Film Sexy Killers, yang diproduksi oleh rumah produksi Watchdoc, menggambarkan pengelolaan energi, khususnya listrik; pembangkit listrik tenaga uap; dan tambang batu bara yang dipenuhi dengan persekongkolan koruptif sehingga pengelolaannya justru membuat rakyat banyak menderita dan keuntungannya hanya dinikmati oleh sebagian masyarakat, yang digambarkan sebagai masyarakat kelas atas. Film ini sedikit-banyak dapat menjadi referensi bagi masyarakat dan instansi pemerintah tentang fakta empiris pengelolaan sumber daya alam di Indonesia.
Bukti bahwa Sexy Killers menggambarkan fakta empiris adalah terungkapnya konspirasi koruptif antara Eni Saragih, Johannes Kotjo, Idrus Marham, dan Sofyan Basyir dalam kasus PLTU Riau 1. Konspirasi yang pada akhirnya membawa Sofyan Basyir, Direktur Utama PLN, menjadi tersangka ini menggambarkan apa yang ada dalam Sexy Killers benar-benar terjadi dan (masih) terjadi.

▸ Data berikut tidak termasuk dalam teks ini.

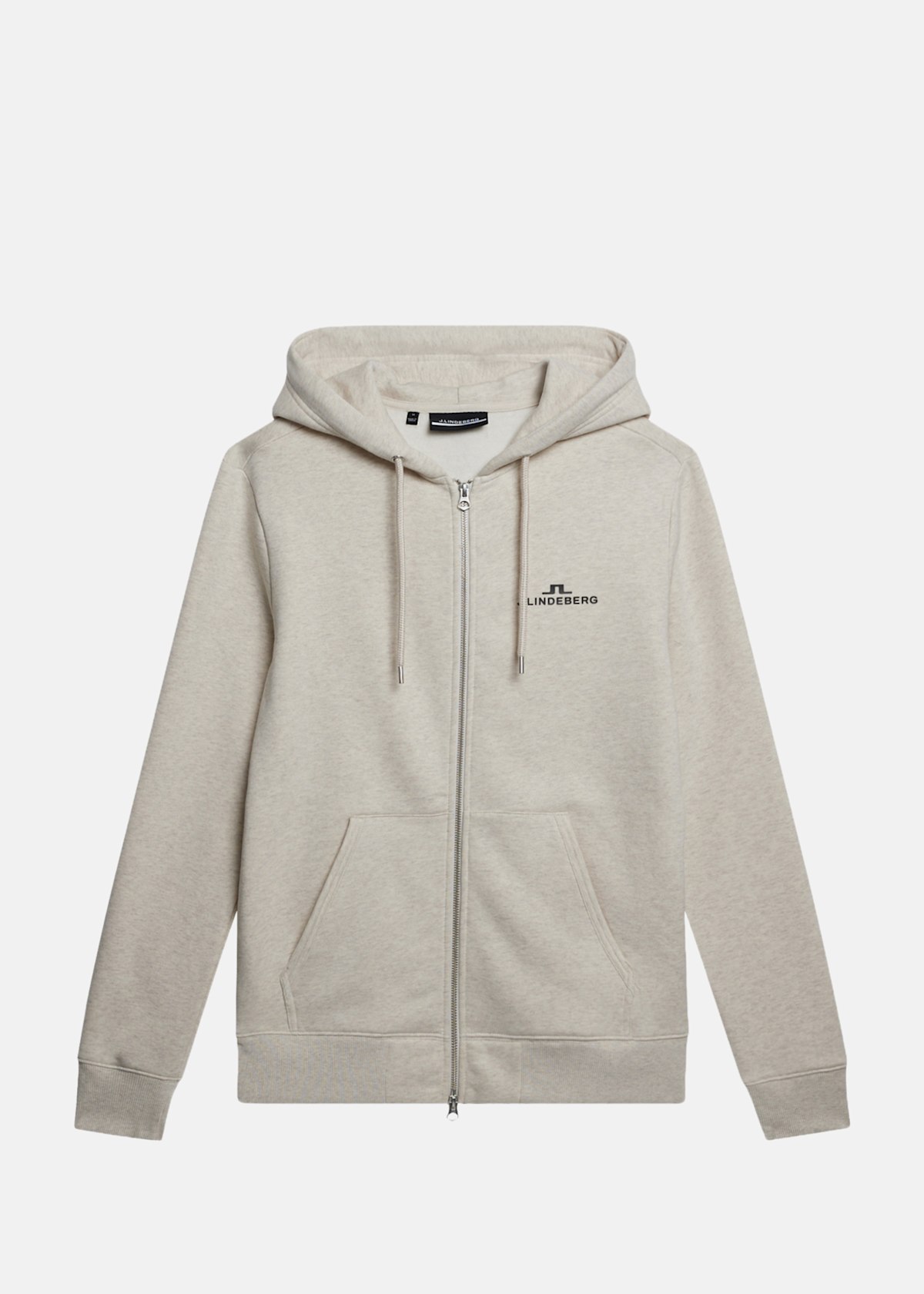 Alpha Zip Hood |  - sv-se - herr - klader - trojor - huvtrojor - zip-hoodie | Padelspecialisterna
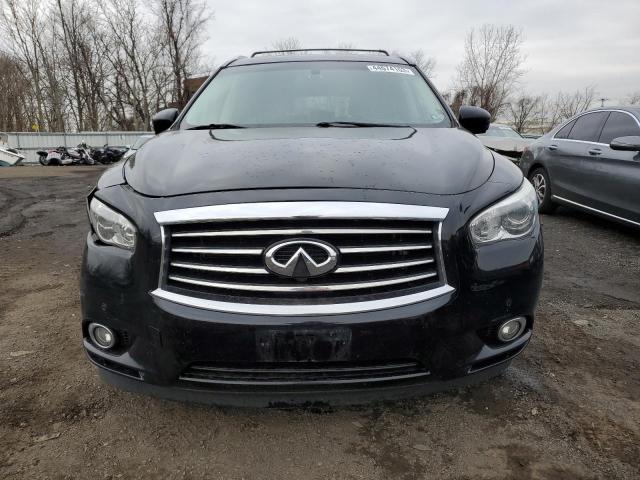 Photo 5 from auction – 2013 INFINITI JX35 with VIN 5N1AL0MM4DC337182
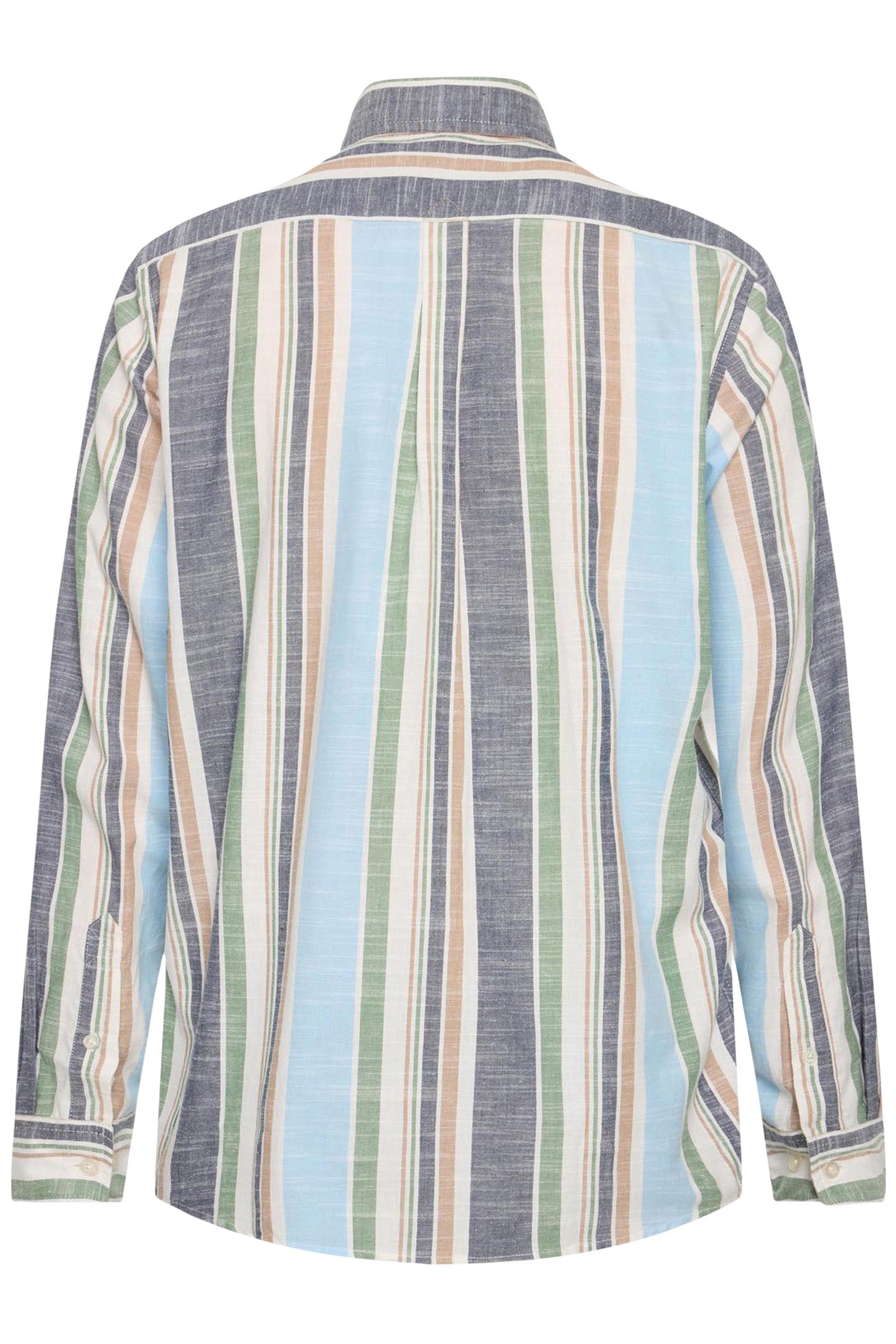 PILUSI STRIPE SOFT BLUE CAPTAIN 5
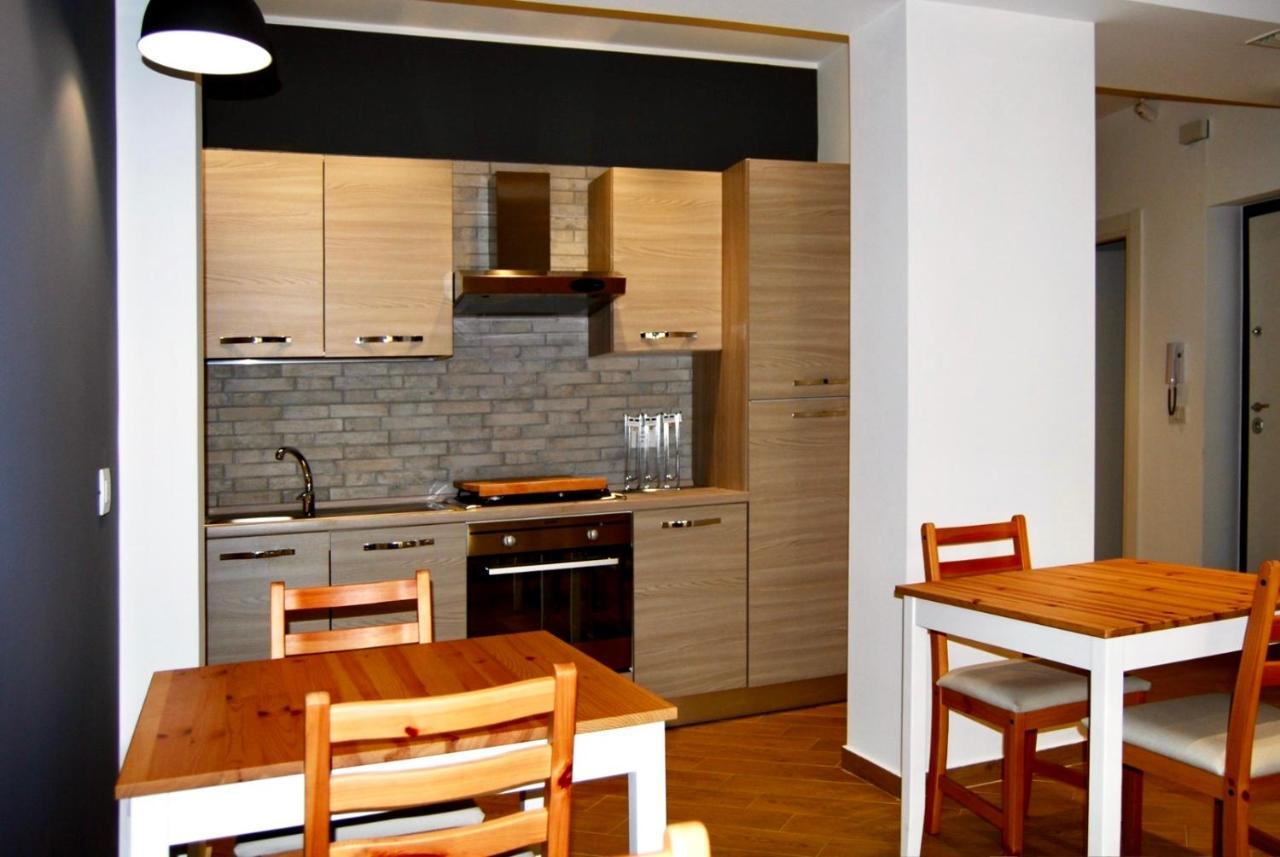 Le Muse Bed and Breakfast Ρέτζιο ντι Καλάμπρια Εξωτερικό φωτογραφία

Ada kesamaan plot peran Eni, Johannes, Idrus, dan Sofyan sebagaimana diuraikan dan dibuktikan Komisi Pemberantasan Korupsi dengan apa yang tergambar dalam Sexy Killers. Bahaya sebenarnya adalah kekayaan alam yang semestinya digunakan untuk kemakmuran rakyat justru dieksploitasi secara koruptif oleh pejabat korup dan pengusaha hitam.
Kasus korupsi PLTU Riau 1 merupakan contoh empiris bahwa tata kelola energi masih sarat akan konspirasi koruptif dan mendesak untuk diselesaikan hingga akar masalahnya. KPK sebenarnya telah memiliki tim Gerakan Nasional Penyelamatan Sumber Daya Alam (GNPSDA). Film Sexy Killers dan kasus korupsi PLTU Riau 1 dapat menjadi modal bagi tim itu untuk mengurai dan menuntaskan kasus korupsi sejenis, bahkan hingga menjangkau "ikan kakap" yang selama ini belum tersentuh.
Namun tim GNPSDA juga perlu berperan dalam pencegahan korupsi. Tim harus fokus menciptakan sistem untuk melakukan langkah antisipasi. Penelitian Widjojo (2000) menunjukkan bahwa yang lebih diperlukan untuk menyelesaikan persoalan konspirasi koruptif di bidang sumber daya alam adalah penciptaan sistem sebagai langkah intercept (antisipasi).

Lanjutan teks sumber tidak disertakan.